Why waiters (or their guests) can’t predict the weather
I was sitting by my favourite ocean (there is only one) the other day (I was on a break, remember) and I noticed some ominous-looking dark clouds over the ocean. I asked a passing waiter whether he thought it might rain.
He looked at the sky, and said with gratifying certainty: “No chance. Those clouds are not coming here.” Reassured, I re-immersed myself in my book, ignoring the fact that the sky was darkening and the wind was becoming more insistent. Half an hour later, I was sitting in the hotel lounge soaked to the skin, having just managed to protect my book.
The book itself truly deserved saving: it is called Fooled by Randomness, and it is written by that very entertaining and erudite iconoclast, Nassim Nicholas Taleb. I love iconoclasts of all shapes and sizes; their being entertaining is an additional bonus.
Taleb tells you that if you place an infinite number of monkeys in front of typewriters and let them clatter away, it is CERTAIN that one of them will produce an exact version of the Iliad. This is not very interesting, because the probability of any one monkey doing it is ridiculously low.
But here’s the thing: should one monkey pull it off and present you with the Iliad, would you now be willing to consider the possibility that he could next write the Odyssey? No? What if you knew nothing about this experiment with infinite monkeys, and were simply presented with this hero-monkey who had just (verifiably) written the Iliad: would you not be rather disposed to expecting another great work from this remarkable primate?
The waiter was confident because his last couple of predictions about the rain had been correct. He was on a run, and thought he had exceptional skill in weather forecasting. The point though, is this: pretty much every waiter I’ve ever met on any beach thinks the same thing. They all think they’ve got the weather figured out; none of them actually do.
This is because the underlying process by which it rains on a particular beach at a particular time is pretty random. It is influenced by humidity, cloud formation and winds in ways that is very difficult for even a professional weatherman with proper measuring equipment to forecast. So the correct answer to the question, “Is it about to rain on this beach in the next half-hour?” is, “Who knows? Take precautions in case it does.” That is the answer almost no one gives you.
As you may have worked out, this column isn’t really about waiters or monkeys. It’s about you. Don’t you have the same irrational confidence in your forecasts – about the stock market, business performance, exchange rates? Don’t you feel that a string of successful predictions make you a forecasting guru – when in all likelihood that string was just a run of luck?
If the underlying process creating the result is stochastic, you have no reason to be confident. And many more results – share price performance, currency rates, business and personal success – have strongly random underlying generators than most of us imagine.

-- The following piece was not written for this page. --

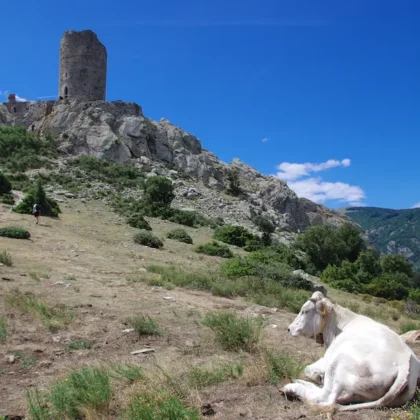 6 Chemin de randonnee a la Tour Massane - Camping Argeles sur Mer Beauséjour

So abandon your bravado and get real. You may know much less than you think. Think more deeply, and get other opinions. Don’t make big bets on your (or anyone else’s) predictions. Be prepared for forecast failure, and be prepared for the possible consequences. Stay humble, and recognize the huge role of luck in your life. We are quick to extol the virtues of a businessperson who has had a successful run, and quick to forget the many others who failed by doing the exact same things as our “winner.”
My waiter friend learned from his forecasting error, and refused to attempt a prediction the following day. He’s wiser than many overconfident business leaders I know.